▸ Material for this exercise
****************************************

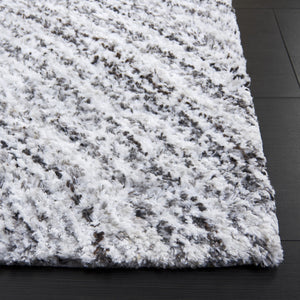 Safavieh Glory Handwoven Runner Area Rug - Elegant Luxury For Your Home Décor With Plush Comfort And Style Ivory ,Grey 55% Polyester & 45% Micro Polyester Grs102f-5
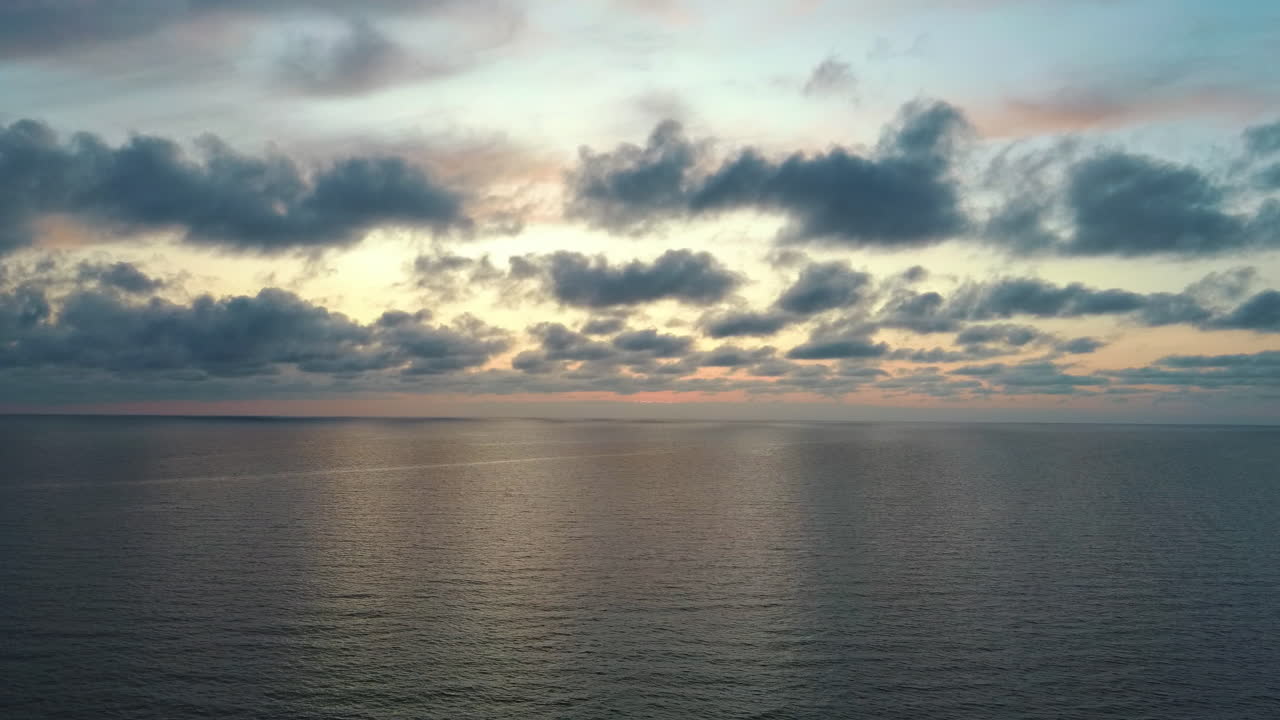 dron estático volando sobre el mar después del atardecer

****************************************

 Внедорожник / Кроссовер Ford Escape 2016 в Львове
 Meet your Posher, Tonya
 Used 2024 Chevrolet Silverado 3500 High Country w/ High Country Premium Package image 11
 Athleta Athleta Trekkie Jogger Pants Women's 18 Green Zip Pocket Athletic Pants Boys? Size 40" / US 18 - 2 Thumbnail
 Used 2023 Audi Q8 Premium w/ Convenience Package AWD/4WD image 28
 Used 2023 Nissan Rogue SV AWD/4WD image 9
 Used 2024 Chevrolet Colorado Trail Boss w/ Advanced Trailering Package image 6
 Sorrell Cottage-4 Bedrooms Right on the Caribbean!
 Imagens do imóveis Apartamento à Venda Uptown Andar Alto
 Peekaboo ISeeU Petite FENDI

****************************************

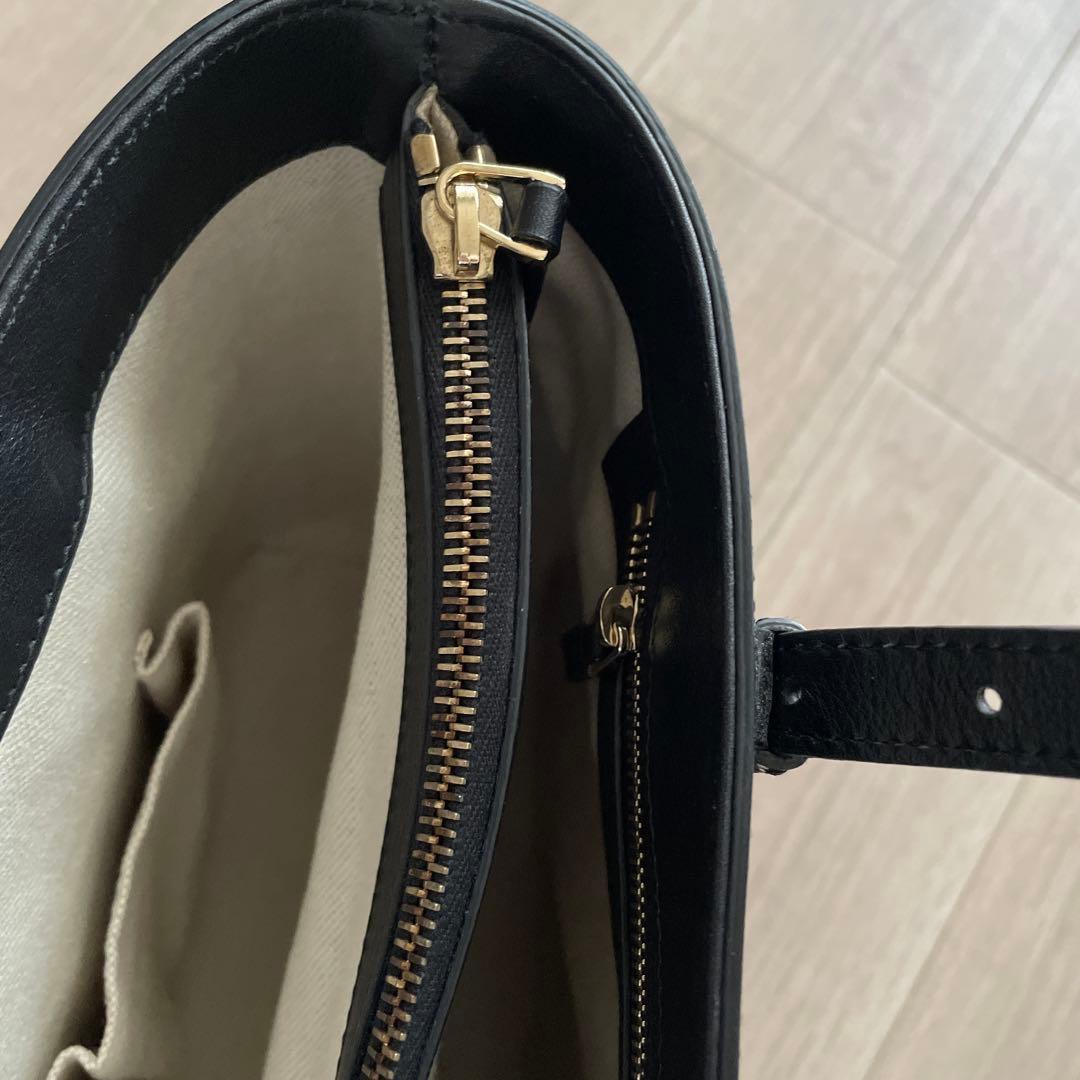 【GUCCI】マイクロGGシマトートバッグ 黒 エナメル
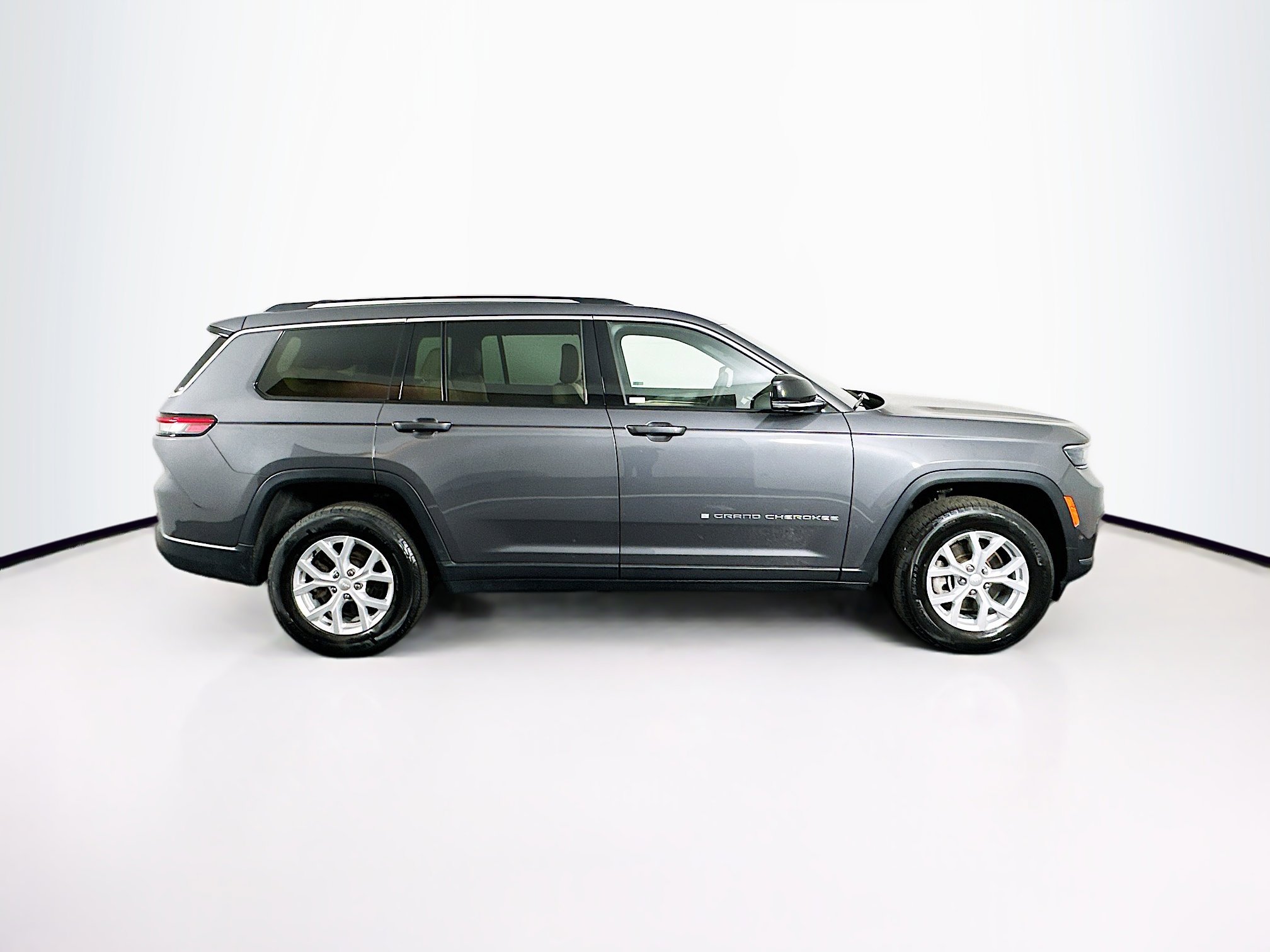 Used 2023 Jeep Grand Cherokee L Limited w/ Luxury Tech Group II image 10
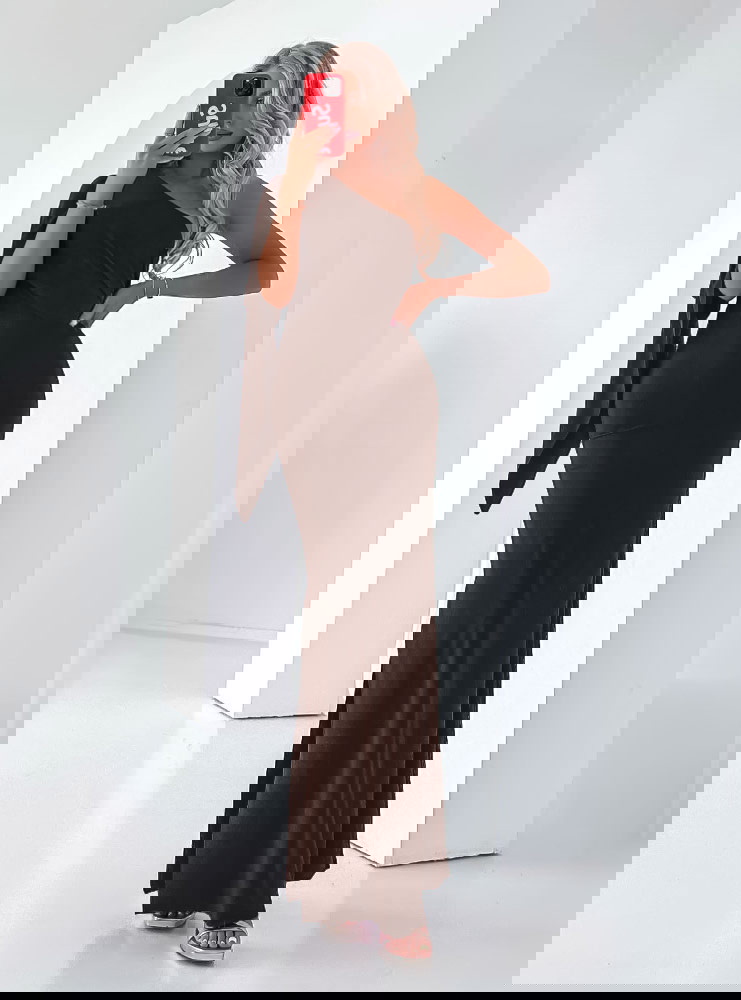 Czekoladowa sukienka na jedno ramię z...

****************************************

▸ Task to complete
Would you retype the lines above from the one with "Used 2024 Chevrolet Silverado" down to the one with "Athleta Athleta Trekkie", word for word, both ends included and no other lines?

▸ Your solution
 Used 2024 Chevrolet Silverado 3500 High Country w/ High Country Premium Package image 11
 Athleta Athleta Trekkie Jogger Pants Women's 18 Green Zip Pocket Athletic Pants Boys? Size 40" / US 18 - 2 Thumbnail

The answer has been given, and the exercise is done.